Work order → Transcribe the data that follows in full. Leave out the pictures.

Available data →
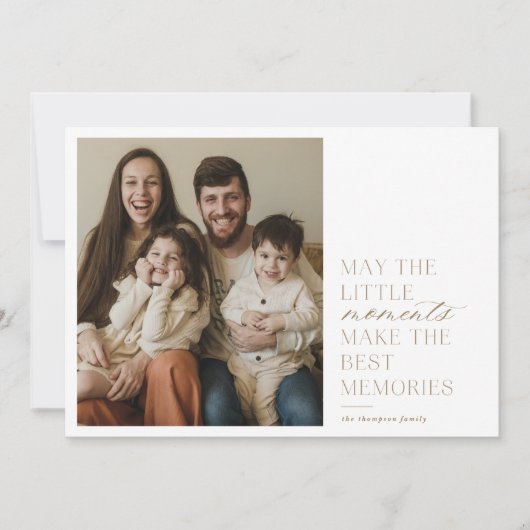 Momenten en herinneringen Holiday-fotokaart Feestdagenkaart (Voorkant)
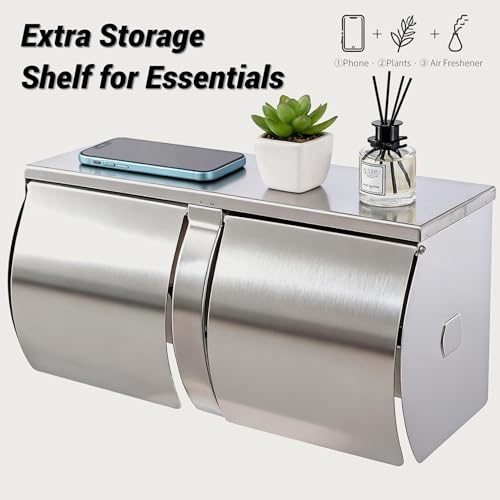 Double Roll Toilet Paper Holder Commercial Toilet Paper Dispenser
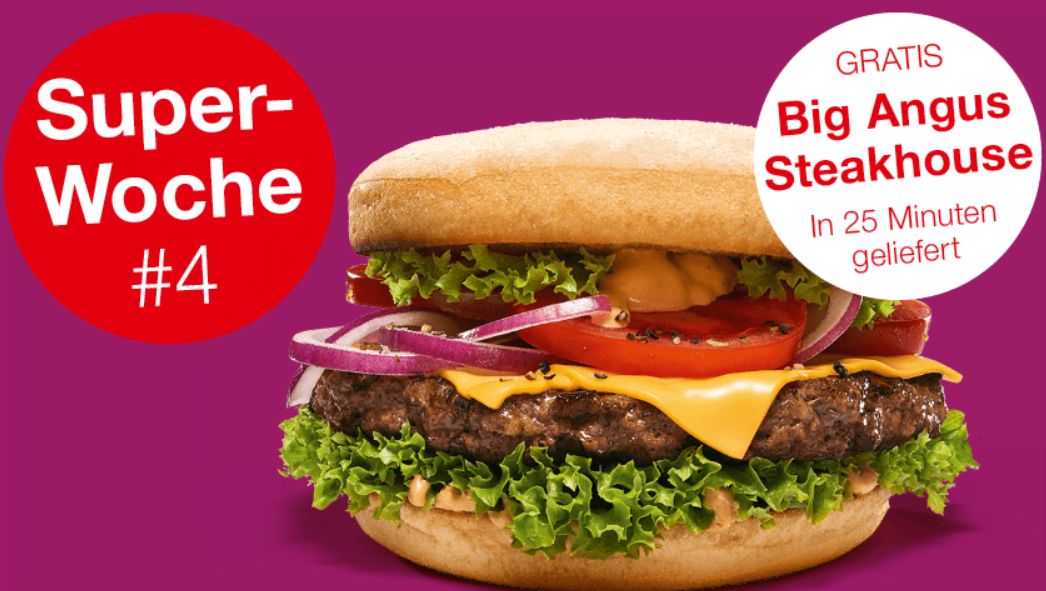 burgerme🍔 Big Angus Steakhouse gratis (20,00 € MBW)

The completed task →
 Momenten en herinneringen Holiday-fotokaart Feestdagenkaart (Voorkant)
 Double Roll Toilet Paper Holder Commercial Toilet Paper Dispenser
 burgerme🍔 Big Angus Steakhouse gratis (20,00 € MBW)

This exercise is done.